The toast will be socialism in the Marches, the first time comrades have been able to link arms across the Welsh border. Mr Hallam won a majority of 1,850 votes over the leader of Conservative MEPs, Sir Christopher Prout, and can now fulfil the diary engagements he entered in February more in hope than expectation.

'I'm still blinking, but let me see,' Mr Hallam said, reaching for the imminent Euro-schedule. 'We're due at the Parliament on 19 July, but first there's a meeting with Margaret Beckett for all the Labour group members.'

Labour's unprecedented success has repercussions on domestic arrangements every bit as profound as their impact on Westminster. Mr Hallam is not practised in preparing for power.

The lush border valleys and sleepy market towns have sent to Strasbourg a 46-year-old evangelical Christian recently on the threshold of a maternity delivery suite. He was press officer to Edwina Currie when employed by Birmingham social services, and has fought nine elections. Thursday marked only his second victory, and the first seat he won, at local elections in 1976, promptly disappeared in boundary changes.

During the 1980s, he fought three European elections, whittling down the Conservative majority until the seat, straddling Staffordshire and Shropshire, became winnable. His reward was to be overlooked.

'I was the veteran loser.' He is also the veteran optimist. Selected to endure the wilderness of Herefordshire and Shropshire, he produced a zealous campaign tract entitled Labour Can Win. It did, partly because an enthused team of activists 'left no pocket of votes untouched'. Since Birmingham City Council made him redundant 15 years ago, Mr Hallam has been self- employed, providing public relations for trade unions.
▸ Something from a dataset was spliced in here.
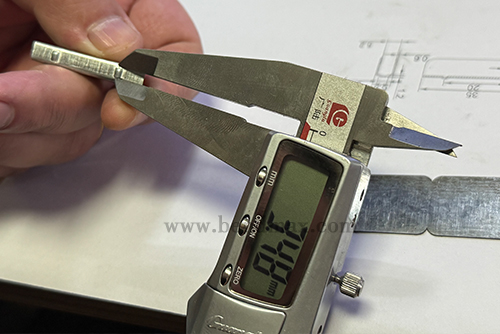 Digital caliper measuring a critical dimension of a custom metal part-3 Digital caliper measuring a critical dimension of a custom metal part-3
The closing days of the campaign were fraught. There was a seat to be won, a pregnant wife about to bear their third child, and a living to be earned. Yesterday, he joined the pounds 30,000-a-year plus perks class. 'There will be a lot of little towns where they have woken up to a Labour MEP, a feeling for them like drinking home brew that wasn't too good.

'I want to use this job and the resources that go with it to show people just how good Labour representation can be. We are going to go round getting to know them, hiring church halls and providing copious tea and biscuits.'

(Photograph omitted)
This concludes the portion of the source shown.